_TASK TO COMPLETE_
Locate, in the data below, the line that contains "2018 Toyota RAV4 Hybrid Hybrid Limited" and the line that contains "Dr. Kenneth John Lacho"; reproduce exactly those two lines and every line between them, nothing more.
--------------------------------
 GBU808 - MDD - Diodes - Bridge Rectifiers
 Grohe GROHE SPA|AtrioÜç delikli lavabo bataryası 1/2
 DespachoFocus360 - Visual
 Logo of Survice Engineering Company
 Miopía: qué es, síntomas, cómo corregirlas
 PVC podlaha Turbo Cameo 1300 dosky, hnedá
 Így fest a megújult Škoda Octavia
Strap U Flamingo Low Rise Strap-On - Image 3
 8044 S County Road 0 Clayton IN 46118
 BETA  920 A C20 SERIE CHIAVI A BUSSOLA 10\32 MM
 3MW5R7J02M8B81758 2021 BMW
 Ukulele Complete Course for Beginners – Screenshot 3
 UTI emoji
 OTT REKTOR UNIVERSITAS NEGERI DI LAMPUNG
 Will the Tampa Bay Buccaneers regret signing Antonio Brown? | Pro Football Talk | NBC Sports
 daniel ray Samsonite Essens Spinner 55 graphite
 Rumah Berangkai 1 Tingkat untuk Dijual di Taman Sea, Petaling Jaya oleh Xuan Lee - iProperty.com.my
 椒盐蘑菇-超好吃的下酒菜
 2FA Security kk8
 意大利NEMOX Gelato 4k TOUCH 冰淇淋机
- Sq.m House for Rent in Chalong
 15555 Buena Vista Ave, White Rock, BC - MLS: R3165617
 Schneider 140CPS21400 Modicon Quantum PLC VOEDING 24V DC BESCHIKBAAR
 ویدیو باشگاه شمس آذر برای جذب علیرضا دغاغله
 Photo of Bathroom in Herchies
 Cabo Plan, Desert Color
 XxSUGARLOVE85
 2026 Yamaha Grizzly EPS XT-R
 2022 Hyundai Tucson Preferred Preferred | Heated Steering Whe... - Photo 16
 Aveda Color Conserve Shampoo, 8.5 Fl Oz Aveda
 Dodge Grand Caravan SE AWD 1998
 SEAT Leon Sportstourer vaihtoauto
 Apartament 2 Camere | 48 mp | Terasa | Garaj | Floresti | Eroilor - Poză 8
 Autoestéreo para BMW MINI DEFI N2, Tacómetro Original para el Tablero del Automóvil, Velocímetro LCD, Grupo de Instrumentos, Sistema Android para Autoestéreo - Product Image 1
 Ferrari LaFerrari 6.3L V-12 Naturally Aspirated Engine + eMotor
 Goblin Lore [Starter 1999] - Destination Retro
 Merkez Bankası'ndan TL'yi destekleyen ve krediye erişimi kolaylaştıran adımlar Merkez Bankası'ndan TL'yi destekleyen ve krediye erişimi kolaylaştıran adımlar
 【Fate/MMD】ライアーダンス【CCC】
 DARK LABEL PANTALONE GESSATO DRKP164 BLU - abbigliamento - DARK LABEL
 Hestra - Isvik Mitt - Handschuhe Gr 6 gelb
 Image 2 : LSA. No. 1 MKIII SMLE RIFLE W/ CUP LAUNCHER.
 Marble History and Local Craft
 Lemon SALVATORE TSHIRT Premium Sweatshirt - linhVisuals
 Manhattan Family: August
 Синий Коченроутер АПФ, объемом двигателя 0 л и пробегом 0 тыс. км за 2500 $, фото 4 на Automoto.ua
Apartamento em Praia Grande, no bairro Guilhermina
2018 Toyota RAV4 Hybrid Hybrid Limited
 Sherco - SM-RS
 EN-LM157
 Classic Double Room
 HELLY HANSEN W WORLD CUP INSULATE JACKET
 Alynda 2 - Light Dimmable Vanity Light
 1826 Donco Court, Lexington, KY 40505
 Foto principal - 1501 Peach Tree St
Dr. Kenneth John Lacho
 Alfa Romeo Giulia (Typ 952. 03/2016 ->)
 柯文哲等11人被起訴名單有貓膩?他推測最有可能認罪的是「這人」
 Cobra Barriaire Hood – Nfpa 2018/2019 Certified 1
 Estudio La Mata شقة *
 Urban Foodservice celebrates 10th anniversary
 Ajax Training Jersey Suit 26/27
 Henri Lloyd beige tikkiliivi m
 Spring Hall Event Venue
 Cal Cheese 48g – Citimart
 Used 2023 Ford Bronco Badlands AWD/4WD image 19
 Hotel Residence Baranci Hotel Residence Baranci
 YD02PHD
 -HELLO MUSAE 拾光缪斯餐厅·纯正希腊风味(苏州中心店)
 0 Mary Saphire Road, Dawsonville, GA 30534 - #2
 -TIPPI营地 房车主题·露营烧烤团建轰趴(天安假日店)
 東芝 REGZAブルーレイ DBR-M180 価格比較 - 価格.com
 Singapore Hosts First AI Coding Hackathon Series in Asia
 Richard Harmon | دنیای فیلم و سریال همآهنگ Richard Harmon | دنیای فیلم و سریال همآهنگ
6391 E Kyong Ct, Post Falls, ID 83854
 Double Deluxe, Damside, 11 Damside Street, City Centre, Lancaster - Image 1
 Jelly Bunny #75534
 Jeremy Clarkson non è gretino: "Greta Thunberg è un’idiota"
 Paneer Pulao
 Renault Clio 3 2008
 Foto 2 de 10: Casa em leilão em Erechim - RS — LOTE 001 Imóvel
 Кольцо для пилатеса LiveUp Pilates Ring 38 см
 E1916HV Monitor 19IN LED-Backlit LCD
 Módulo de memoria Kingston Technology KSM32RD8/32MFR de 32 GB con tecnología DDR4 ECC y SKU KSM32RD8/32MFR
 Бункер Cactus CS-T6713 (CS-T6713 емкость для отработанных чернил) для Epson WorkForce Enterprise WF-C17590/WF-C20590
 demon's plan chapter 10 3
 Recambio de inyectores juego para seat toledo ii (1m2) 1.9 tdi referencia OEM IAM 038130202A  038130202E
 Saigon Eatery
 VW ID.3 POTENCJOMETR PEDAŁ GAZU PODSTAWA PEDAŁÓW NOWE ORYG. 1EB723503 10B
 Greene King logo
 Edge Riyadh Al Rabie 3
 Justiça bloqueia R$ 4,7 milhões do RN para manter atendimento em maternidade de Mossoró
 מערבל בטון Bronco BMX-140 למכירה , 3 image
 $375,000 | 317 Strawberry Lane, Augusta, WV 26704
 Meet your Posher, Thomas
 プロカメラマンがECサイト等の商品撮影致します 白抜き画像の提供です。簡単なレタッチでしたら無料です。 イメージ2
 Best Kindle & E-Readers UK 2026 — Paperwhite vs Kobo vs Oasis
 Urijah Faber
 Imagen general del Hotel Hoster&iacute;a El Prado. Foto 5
--------------------------------
_RESULT OF THE EXERCISE_
2018 Toyota RAV4 Hybrid Hybrid Limited
 Sherco - SM-RS
 EN-LM157
 Classic Double Room
 HELLY HANSEN W WORLD CUP INSULATE JACKET
 Alynda 2 - Light Dimmable Vanity Light
 1826 Donco Court, Lexington, KY 40505
 Foto principal - 1501 Peach Tree St
Dr. Kenneth John Lacho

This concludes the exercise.